List all lines of the data that include the string "mini".

Data extracted from a collection
+++

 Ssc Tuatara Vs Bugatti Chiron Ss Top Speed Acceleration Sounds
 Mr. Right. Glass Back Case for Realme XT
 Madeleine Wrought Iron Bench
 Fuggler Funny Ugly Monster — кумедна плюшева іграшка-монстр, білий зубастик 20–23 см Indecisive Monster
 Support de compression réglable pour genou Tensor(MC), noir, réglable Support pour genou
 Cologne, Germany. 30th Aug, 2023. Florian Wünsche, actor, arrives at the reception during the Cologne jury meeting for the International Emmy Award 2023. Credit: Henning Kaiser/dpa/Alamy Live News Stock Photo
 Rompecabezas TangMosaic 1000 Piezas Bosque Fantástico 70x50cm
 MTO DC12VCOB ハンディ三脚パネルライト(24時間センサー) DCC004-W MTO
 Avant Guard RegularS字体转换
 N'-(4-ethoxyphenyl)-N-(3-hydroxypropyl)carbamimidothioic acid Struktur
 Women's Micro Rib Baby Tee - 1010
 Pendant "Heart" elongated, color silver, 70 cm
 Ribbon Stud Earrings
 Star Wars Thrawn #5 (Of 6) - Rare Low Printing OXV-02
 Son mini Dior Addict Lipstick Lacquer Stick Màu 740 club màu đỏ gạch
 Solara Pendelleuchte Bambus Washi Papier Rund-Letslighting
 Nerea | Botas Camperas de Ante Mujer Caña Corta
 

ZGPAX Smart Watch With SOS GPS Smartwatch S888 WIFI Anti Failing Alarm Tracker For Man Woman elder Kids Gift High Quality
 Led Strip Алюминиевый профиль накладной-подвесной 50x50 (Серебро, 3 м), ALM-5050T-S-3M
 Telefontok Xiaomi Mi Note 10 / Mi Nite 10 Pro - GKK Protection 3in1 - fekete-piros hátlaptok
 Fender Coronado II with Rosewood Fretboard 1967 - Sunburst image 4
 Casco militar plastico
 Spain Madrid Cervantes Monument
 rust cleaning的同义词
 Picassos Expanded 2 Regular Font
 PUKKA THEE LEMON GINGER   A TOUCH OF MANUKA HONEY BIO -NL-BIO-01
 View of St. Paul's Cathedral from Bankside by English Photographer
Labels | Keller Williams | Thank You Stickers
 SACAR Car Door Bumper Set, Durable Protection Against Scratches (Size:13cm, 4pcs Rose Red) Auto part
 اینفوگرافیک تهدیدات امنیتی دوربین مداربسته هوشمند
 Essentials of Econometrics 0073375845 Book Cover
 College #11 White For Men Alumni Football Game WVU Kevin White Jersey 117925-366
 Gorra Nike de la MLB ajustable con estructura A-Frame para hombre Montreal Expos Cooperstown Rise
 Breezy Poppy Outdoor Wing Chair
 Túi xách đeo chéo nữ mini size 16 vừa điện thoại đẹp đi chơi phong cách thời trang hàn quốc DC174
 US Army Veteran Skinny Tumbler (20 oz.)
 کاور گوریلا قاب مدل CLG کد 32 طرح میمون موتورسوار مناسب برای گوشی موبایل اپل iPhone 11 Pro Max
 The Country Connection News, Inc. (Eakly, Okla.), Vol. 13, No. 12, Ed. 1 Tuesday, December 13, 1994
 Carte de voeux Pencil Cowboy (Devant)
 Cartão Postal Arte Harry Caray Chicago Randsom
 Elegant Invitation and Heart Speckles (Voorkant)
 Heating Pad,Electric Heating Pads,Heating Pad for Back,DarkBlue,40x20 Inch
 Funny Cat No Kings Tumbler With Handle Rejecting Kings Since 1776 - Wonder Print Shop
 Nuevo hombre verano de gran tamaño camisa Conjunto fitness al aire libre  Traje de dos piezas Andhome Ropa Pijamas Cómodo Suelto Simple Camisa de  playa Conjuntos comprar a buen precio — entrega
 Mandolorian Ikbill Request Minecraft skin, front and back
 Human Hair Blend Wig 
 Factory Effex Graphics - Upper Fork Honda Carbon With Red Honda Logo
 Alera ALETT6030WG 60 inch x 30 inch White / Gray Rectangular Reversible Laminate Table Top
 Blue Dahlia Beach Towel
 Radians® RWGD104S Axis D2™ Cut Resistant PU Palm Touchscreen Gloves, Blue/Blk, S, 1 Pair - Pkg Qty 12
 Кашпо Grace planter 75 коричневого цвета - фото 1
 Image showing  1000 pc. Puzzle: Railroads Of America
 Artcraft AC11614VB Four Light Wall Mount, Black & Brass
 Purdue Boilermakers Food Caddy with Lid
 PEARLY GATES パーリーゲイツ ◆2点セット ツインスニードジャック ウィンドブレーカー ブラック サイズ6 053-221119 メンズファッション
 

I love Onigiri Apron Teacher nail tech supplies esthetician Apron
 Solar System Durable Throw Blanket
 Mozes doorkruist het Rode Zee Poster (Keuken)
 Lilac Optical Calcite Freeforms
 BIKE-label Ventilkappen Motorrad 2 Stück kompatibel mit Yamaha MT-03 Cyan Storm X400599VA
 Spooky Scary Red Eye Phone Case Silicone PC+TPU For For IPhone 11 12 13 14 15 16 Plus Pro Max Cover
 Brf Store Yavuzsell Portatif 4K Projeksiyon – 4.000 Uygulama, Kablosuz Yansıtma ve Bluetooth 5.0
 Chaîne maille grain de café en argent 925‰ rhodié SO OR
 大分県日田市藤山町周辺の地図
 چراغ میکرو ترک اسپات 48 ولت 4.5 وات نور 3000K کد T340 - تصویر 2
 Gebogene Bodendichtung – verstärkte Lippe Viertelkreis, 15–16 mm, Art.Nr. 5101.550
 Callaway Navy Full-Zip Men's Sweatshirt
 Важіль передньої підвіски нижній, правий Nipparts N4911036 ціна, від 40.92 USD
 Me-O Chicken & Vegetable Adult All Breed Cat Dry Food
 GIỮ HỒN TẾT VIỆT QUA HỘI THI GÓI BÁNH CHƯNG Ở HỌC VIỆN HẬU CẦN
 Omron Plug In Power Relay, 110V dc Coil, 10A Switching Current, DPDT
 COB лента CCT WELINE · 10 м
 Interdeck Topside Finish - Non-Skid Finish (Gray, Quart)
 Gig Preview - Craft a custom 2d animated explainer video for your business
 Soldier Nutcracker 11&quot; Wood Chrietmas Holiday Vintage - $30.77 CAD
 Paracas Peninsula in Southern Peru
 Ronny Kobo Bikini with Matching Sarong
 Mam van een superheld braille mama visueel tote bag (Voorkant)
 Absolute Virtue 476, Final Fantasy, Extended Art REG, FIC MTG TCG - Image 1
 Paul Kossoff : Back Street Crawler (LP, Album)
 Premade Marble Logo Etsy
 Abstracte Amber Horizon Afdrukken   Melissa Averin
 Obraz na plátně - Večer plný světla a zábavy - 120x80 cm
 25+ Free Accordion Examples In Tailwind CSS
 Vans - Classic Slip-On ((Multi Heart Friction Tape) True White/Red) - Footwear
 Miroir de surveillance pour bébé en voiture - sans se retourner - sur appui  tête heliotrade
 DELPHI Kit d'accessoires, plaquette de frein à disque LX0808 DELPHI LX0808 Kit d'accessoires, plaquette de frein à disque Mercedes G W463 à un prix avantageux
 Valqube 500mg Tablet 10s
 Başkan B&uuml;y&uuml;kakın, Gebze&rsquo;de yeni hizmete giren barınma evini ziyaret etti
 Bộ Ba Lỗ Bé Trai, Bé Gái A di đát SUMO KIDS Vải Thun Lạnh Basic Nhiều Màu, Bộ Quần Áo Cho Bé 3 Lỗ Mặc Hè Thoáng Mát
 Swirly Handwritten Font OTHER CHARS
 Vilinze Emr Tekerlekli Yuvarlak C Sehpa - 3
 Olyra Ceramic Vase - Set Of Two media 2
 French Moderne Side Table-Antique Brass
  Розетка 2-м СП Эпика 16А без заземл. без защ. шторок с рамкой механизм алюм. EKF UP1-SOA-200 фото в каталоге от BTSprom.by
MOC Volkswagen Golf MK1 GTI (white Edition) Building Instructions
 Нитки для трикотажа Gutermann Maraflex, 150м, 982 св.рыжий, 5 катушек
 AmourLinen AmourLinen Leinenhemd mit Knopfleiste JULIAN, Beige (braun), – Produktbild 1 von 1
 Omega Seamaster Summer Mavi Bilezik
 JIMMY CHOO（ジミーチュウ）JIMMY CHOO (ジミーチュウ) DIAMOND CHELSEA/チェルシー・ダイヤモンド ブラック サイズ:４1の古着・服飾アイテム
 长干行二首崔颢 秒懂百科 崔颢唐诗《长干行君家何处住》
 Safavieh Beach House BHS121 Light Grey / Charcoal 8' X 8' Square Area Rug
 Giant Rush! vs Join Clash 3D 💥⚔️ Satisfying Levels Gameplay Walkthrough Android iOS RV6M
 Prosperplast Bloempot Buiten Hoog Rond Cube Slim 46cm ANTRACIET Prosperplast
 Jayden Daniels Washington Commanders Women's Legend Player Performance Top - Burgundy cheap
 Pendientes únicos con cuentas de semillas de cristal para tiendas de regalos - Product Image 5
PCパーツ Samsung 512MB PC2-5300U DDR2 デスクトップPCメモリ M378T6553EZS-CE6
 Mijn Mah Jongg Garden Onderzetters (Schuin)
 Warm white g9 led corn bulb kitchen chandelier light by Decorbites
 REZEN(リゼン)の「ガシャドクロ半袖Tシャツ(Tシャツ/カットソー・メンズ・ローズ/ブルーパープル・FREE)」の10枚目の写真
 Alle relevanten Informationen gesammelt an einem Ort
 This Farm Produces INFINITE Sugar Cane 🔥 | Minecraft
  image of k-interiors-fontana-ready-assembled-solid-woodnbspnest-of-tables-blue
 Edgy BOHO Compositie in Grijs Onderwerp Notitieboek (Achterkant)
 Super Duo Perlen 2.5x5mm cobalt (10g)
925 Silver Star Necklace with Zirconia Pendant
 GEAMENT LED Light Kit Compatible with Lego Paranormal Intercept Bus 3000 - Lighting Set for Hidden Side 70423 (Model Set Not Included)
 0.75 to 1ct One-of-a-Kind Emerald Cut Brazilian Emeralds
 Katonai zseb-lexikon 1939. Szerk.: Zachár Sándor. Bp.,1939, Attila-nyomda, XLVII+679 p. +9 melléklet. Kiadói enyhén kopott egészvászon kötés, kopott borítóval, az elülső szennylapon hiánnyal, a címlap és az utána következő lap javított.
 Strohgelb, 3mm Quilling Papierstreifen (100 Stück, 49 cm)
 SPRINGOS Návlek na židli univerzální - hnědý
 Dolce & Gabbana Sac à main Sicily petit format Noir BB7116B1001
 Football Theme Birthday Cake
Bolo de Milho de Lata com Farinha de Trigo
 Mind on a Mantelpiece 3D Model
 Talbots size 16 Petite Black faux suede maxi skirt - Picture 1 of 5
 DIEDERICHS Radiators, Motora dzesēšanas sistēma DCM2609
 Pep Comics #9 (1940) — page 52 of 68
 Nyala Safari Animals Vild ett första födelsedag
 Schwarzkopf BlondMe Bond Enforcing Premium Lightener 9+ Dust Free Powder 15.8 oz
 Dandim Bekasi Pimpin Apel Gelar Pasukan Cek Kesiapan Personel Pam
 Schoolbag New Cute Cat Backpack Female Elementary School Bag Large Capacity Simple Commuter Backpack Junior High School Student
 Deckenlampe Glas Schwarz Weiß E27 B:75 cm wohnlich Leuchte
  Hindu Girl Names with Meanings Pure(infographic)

+++

• [TASK ANSWER]:
 Son mini Dior Addict Lipstick Lacquer Stick Màu 740 club màu đỏ gạch
 Túi xách đeo chéo nữ mini size 16 vừa điện thoại đẹp đi chơi phong cách thời trang hàn quốc DC174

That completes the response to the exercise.